- What the exercise asks:
Copy out every line in the entries below that includes "Sanderson".

- Supplied material:
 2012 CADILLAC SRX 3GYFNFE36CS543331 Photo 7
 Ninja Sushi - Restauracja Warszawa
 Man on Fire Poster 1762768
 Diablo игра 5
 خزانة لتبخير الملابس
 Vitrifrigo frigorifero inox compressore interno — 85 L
--
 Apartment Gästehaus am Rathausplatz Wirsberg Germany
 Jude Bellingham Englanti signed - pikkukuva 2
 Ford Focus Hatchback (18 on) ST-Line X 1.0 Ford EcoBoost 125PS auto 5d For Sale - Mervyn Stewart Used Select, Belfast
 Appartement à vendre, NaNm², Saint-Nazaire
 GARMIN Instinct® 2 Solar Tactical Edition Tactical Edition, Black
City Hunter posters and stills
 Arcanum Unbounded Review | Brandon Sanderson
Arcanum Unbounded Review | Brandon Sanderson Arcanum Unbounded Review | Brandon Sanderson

- Written response:
 Arcanum Unbounded Review | Brandon Sanderson
Arcanum Unbounded Review | Brandon Sanderson Arcanum Unbounded Review | Brandon Sanderson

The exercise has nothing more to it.